### Dataset entries
....

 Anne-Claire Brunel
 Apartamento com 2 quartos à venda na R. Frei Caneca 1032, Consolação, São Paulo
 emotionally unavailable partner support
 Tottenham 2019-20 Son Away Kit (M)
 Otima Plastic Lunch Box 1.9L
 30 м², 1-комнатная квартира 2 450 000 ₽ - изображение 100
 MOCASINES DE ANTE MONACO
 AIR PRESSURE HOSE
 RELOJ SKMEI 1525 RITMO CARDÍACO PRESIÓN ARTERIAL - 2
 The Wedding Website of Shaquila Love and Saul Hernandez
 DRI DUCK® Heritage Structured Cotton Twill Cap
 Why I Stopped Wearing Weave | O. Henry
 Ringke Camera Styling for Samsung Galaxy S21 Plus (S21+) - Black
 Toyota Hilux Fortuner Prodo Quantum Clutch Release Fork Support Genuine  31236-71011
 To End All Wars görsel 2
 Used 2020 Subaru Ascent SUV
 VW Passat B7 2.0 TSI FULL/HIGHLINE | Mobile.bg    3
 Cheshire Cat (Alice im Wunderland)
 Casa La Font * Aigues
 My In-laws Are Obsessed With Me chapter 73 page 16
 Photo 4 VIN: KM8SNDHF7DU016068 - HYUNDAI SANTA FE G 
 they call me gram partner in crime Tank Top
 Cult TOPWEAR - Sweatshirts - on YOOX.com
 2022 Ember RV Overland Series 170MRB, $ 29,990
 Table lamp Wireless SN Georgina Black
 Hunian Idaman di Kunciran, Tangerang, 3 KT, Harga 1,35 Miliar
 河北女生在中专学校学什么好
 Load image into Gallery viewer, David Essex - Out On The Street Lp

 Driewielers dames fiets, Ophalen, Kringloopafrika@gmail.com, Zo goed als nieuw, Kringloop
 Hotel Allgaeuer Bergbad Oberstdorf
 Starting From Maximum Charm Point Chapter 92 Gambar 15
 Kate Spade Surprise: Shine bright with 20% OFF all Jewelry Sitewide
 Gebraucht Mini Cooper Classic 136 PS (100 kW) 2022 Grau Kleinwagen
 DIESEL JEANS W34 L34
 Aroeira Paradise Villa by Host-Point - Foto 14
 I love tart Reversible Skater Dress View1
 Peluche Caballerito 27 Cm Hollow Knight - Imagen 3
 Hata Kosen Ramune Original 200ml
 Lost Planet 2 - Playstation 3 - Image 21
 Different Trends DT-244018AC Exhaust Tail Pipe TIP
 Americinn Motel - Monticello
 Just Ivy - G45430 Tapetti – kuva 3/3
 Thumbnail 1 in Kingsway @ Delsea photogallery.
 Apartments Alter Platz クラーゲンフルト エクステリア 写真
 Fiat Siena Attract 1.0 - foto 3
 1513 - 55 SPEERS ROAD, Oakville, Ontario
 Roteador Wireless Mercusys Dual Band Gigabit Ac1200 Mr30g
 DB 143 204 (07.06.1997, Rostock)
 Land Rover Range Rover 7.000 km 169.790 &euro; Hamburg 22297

....

### Directions for this task
Pull each line that includes the word "Wireless" out of the material above.

### Answer to this problem
 Table lamp Wireless SN Georgina Black
 Roteador Wireless Mercusys Dual Band Gigabit Ac1200 Mr30g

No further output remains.